The three metallic lords strode fiercely forward, down the canyon path, toward the base. The lights of the base were becoming visible now, through the last ranks of the forest.
“Ah me,” sighed E.T. to himself, as he looked down at the launch base. Within it, not a soul stirred, for everyone’s face had fallen in his soup, and snores filled the air.
I must be deranged, thought E.T., to have done a thing like this.
His mind was confused, divided, remorseful. But each time he thought of Elliott, growing up a galaxy away with no one to counsel him, he knew he must proceed with his reckless plan. “El-li-ott,” he groaned softly.
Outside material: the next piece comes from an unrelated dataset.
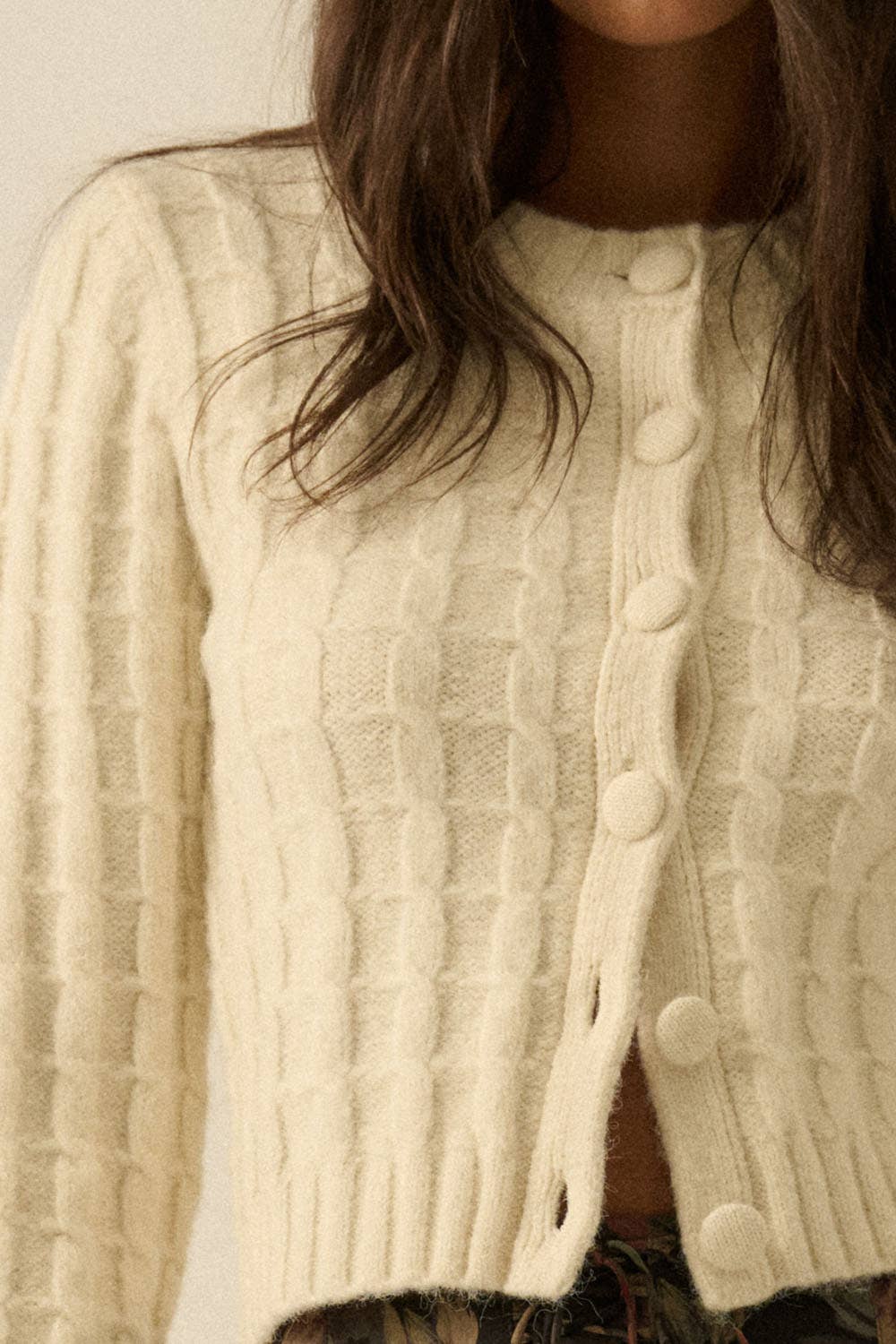 Cable Knit Button-Up Cardigan Sweater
“Who’s this El Li Ott he’s always talking about?” asked Sinistro.
“I believe he’s a ruler of the fabulous planet Earth,” said Electrum. “Thus, he would be one of the Burger Kings.”
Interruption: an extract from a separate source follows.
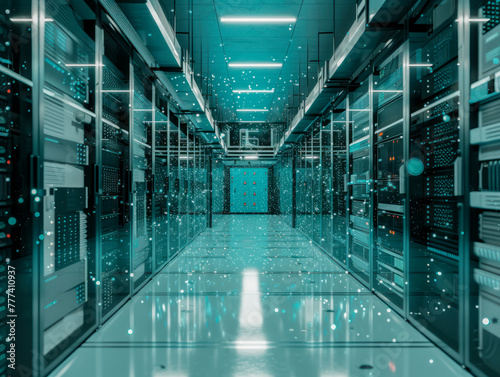 A corridor between rows of server racks in a data center, with floating particles and blue lighting, illustrating a technology concept. Generative AI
The dark lords nodded together over this obvious fact, for it would be pointless to cross the universe for anyone less than a potentate of Burger. “He will be rich, of course,” said Sinistro. “The Earth word for wealth is moo-la. And we shall have it, my friends, much, much moo-la and—a pogo stick.” Sinistro smiled at the ignorance of the others, for he alone had been told about the device. “All the great rulers have a pogo stick. It is kept by their throne for times of emergency. Elliott, the King of Burger, has one in his closet. As you know, we shall each have our own closet.”
“Truly, this is a mission worthy of our talents,” said Electrum.
“The little doctor has told it all,” said Occulta. “Earth’s treasures are uncountable. The Monopoly Board, for example, which is worth millions, especially the portion called Boardvark. I must tell you, in advance, Boardvark is mine.”
Sinistro cast a sharp gl
ance at his companion but said nothing. However, thought Sinistro, when the time comes, we shall see who rules Boardvark, from a pogo stick. Wearing the helmet of Foot, and decorated in bicycles.
Conversation ceased, then, as the edge of the forest was reached. The launch pad was before them, the great starcruiser at its center. In all the attending domes and barracks, lights burned but no one moved anywhere. A heavy silence, punctuated only by the occasional snore, filled the air. Sinistro patted E.T. on the back. “You’ve done it, Doctor,” he said softly.
I’ve done it, thought E.T.
The Flopglopple edged up to him. “You’ve broken about a hundred planetary laws in one jump.”
“I can’t be trusted to water a dandelion now,” said E.T. “I’m a criminal.” He sagged within, as the full realization of what he’d done came over him. “This is the first act of infamy on the planet in thousands of years.”
“Oh well,” said the Flopglopple, “I’m usually in trouble.”
“No,” said E.T., “you are an Innocent.”
He gazed at the trees, the sky, the familiar moons, and thought—this cannot be my home anymore. “Once we take that ship—” His gaze traveled to the launch pad. “—we shall be wanderers forever more, severed from home through eternity.”
“I don’t care,” said the Flopglopple. “I like your company.”
E.T. looked again at the forest, and felt beyond the forest to the gardens, the flowers, the blooms. Once we take this ship, E.T. will not phone home. The call will not be accepted.
He put his foot out, and took a step.
“For Elliott.”
His heart-light flickered, and from it a ray of the highest order shot forth, indicating sacrifice for love. It traveled to the heart of the universe, which is everywhere, and was duly noted—but E.T. knew nothing of this, only felt terrible guilt and despair in his aged soul.
“Look at it,” said Micron, staring at the huge, sleeping installation. “And it’s all mine to play with—every last di-nerkling, gam-axiter, and resiston.” He stretched himself to his full height, of approximately thirty centimeters, depending on whether or not he was wearing his padded socks. “I’ve always wanted a puzzle like this to play with.”